### What is required
Only one stretch of the data below is wanted: the lines from the one with "0.86ct Huggie G" through the one with "Homers by Contreras, Gonzalez", repeated exactly.

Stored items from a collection

* * *

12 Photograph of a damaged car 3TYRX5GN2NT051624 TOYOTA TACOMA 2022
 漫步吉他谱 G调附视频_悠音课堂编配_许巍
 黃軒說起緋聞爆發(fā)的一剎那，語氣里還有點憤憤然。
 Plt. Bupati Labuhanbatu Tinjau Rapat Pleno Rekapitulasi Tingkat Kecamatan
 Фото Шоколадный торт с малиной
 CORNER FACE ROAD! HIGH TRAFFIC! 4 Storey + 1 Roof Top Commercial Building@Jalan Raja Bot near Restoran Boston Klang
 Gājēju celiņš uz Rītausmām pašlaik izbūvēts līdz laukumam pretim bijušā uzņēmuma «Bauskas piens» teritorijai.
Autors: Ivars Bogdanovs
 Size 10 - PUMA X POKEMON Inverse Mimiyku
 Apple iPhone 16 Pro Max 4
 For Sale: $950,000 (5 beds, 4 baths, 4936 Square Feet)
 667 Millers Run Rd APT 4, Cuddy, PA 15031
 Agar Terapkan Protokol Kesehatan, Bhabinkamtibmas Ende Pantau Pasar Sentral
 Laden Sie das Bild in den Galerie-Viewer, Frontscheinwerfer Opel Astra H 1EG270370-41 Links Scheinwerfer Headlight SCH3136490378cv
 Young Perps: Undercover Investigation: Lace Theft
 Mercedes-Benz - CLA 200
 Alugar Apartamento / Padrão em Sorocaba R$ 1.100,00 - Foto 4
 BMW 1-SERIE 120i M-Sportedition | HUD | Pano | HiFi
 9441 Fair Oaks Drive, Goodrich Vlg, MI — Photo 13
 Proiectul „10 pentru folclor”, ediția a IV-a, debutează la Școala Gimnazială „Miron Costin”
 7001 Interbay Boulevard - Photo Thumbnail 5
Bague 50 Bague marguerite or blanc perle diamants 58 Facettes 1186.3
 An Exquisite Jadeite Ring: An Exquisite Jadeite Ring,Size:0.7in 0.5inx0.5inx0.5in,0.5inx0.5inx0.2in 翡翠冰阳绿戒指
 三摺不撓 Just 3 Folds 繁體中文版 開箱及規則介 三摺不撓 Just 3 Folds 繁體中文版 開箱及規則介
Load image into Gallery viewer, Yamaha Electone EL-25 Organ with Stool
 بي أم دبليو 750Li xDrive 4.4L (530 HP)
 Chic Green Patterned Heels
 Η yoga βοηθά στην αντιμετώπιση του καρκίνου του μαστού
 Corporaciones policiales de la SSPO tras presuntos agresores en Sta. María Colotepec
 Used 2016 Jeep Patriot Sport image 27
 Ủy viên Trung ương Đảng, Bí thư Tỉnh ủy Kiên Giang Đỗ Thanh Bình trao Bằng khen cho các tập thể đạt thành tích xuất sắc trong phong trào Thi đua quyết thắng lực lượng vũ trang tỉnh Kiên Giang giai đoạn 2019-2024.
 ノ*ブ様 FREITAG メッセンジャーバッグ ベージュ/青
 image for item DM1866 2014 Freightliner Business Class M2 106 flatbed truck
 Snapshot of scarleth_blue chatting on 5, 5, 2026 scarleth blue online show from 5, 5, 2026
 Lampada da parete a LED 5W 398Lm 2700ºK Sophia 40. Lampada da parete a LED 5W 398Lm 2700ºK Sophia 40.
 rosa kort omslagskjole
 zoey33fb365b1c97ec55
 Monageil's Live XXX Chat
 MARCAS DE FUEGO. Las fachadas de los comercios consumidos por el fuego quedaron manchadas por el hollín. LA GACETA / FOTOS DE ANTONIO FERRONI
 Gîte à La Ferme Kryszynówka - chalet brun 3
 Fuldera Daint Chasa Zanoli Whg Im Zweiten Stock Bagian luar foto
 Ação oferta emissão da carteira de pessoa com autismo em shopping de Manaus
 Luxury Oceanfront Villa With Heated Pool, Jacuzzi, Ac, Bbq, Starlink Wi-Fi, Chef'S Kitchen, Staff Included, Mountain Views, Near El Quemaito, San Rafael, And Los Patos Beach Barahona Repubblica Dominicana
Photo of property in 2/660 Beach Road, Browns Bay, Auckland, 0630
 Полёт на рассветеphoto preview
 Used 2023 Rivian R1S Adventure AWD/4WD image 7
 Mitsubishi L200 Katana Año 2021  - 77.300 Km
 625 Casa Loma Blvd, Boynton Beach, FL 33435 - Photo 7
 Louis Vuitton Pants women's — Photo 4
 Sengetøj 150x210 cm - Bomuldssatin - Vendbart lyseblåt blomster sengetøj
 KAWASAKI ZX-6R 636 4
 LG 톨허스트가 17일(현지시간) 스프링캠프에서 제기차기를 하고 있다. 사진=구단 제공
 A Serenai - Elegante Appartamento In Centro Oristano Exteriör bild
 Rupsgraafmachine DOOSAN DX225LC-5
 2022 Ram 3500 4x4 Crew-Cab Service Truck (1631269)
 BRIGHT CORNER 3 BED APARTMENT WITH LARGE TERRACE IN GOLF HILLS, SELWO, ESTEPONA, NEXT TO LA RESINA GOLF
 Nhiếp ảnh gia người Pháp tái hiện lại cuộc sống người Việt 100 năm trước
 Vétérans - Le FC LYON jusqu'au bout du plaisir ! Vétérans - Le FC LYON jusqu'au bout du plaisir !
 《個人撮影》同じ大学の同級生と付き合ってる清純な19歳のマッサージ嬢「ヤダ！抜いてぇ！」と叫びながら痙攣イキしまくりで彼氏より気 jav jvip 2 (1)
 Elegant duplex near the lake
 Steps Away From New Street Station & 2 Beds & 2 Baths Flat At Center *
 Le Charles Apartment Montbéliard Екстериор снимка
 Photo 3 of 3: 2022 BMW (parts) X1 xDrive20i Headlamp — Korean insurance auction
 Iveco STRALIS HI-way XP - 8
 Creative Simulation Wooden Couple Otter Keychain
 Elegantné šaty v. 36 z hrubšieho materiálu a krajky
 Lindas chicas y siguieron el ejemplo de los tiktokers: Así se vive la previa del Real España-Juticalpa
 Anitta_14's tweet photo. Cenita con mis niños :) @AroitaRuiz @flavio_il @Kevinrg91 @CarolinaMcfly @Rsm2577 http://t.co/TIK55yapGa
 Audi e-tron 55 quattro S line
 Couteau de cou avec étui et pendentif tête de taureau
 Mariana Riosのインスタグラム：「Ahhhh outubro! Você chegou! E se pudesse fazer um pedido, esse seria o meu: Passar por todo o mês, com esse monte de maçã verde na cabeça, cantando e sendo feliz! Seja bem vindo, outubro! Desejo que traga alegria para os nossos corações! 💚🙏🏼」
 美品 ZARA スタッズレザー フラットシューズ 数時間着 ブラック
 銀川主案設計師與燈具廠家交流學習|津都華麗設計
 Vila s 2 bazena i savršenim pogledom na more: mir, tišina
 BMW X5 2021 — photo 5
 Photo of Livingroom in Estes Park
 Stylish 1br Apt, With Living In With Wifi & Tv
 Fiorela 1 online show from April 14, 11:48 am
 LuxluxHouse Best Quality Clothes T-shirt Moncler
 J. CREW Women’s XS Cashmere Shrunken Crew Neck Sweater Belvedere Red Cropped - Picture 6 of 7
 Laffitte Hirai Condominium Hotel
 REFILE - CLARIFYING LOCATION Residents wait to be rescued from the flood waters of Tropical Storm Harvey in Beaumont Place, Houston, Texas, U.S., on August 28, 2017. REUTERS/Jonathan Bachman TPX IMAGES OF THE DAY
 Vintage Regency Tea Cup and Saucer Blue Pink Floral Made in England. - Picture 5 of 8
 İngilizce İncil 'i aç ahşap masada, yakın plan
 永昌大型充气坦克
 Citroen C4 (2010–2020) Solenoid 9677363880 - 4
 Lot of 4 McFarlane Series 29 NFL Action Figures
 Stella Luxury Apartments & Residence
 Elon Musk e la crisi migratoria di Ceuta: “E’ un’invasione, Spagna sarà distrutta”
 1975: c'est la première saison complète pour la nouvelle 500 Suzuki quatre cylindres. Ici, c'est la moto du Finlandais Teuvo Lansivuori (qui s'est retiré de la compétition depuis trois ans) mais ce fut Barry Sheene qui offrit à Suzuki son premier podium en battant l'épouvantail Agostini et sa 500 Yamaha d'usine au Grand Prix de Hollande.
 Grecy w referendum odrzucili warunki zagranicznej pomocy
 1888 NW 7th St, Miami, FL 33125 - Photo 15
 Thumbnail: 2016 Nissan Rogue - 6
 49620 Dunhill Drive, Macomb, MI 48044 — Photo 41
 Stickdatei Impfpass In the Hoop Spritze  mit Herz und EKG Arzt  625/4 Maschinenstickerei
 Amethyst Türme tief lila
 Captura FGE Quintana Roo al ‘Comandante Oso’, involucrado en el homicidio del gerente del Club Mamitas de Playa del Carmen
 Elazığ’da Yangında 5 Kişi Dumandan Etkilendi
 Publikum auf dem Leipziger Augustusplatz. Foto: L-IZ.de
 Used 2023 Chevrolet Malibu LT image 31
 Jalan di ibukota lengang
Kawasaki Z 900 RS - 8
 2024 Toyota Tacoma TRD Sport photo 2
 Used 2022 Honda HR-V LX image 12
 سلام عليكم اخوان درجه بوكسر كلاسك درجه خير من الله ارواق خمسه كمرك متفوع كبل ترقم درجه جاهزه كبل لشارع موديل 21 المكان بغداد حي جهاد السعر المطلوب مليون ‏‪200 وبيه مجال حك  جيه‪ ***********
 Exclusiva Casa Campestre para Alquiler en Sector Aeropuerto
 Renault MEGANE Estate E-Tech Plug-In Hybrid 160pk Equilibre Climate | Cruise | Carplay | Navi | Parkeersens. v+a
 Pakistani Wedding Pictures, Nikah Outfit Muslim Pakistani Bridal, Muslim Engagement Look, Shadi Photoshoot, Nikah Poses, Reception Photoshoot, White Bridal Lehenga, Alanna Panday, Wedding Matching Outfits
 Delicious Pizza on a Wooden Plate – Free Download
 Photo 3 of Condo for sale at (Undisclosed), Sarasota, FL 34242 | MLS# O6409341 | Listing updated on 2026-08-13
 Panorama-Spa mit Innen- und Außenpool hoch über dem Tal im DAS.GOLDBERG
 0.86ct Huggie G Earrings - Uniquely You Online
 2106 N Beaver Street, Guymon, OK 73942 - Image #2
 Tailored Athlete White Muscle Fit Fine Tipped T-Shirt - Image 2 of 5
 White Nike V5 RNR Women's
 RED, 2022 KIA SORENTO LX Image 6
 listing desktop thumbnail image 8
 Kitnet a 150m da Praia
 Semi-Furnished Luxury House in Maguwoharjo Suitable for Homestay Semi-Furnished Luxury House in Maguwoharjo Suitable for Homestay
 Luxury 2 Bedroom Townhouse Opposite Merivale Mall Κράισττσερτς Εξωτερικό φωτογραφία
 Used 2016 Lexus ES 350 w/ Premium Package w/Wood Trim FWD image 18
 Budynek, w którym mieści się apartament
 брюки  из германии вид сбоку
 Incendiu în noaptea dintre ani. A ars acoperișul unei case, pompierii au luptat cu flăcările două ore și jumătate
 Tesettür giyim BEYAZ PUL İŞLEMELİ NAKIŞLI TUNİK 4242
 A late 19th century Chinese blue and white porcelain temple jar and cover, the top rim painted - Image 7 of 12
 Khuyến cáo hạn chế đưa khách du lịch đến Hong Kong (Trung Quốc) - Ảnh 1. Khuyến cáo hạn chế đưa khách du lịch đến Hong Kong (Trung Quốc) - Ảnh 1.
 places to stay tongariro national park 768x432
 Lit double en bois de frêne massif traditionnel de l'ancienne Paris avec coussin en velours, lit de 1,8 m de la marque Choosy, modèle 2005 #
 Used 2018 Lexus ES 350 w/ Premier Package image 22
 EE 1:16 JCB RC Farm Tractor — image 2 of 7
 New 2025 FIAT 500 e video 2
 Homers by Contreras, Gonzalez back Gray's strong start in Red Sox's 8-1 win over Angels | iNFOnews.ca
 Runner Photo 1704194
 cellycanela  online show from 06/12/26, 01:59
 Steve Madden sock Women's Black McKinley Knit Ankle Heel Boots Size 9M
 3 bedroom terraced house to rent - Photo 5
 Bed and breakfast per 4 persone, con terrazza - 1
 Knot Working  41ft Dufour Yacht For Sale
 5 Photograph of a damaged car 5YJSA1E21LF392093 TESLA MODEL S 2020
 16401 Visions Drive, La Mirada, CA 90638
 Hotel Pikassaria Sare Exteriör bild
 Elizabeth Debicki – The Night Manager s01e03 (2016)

* * *

### Task solution
 0.86ct Huggie G Earrings - Uniquely You Online
 2106 N Beaver Street, Guymon, OK 73942 - Image #2
 Tailored Athlete White Muscle Fit Fine Tipped T-Shirt - Image 2 of 5
 White Nike V5 RNR Women's
 RED, 2022 KIA SORENTO LX Image 6
 listing desktop thumbnail image 8
 Kitnet a 150m da Praia
 Semi-Furnished Luxury House in Maguwoharjo Suitable for Homestay Semi-Furnished Luxury House in Maguwoharjo Suitable for Homestay
 Luxury 2 Bedroom Townhouse Opposite Merivale Mall Κράισττσερτς Εξωτερικό φωτογραφία
 Used 2016 Lexus ES 350 w/ Premium Package w/Wood Trim FWD image 18
 Budynek, w którym mieści się apartament
 брюки  из германии вид сбоку
 Incendiu în noaptea dintre ani. A ars acoperișul unei case, pompierii au luptat cu flăcările două ore și jumătate
 Tesettür giyim BEYAZ PUL İŞLEMELİ NAKIŞLI TUNİK 4242
 A late 19th century Chinese blue and white porcelain temple jar and cover, the top rim painted - Image 7 of 12
 Khuyến cáo hạn chế đưa khách du lịch đến Hong Kong (Trung Quốc) - Ảnh 1. Khuyến cáo hạn chế đưa khách du lịch đến Hong Kong (Trung Quốc) - Ảnh 1.
 places to stay tongariro national park 768x432
 Lit double en bois de frêne massif traditionnel de l'ancienne Paris avec coussin en velours, lit de 1,8 m de la marque Choosy, modèle 2005 #
 Used 2018 Lexus ES 350 w/ Premier Package image 22
 EE 1:16 JCB RC Farm Tractor — image 2 of 7
 New 2025 FIAT 500 e video 2
 Homers by Contreras, Gonzalez back Gray's strong start in Red Sox's 8-1 win over Angels | iNFOnews.ca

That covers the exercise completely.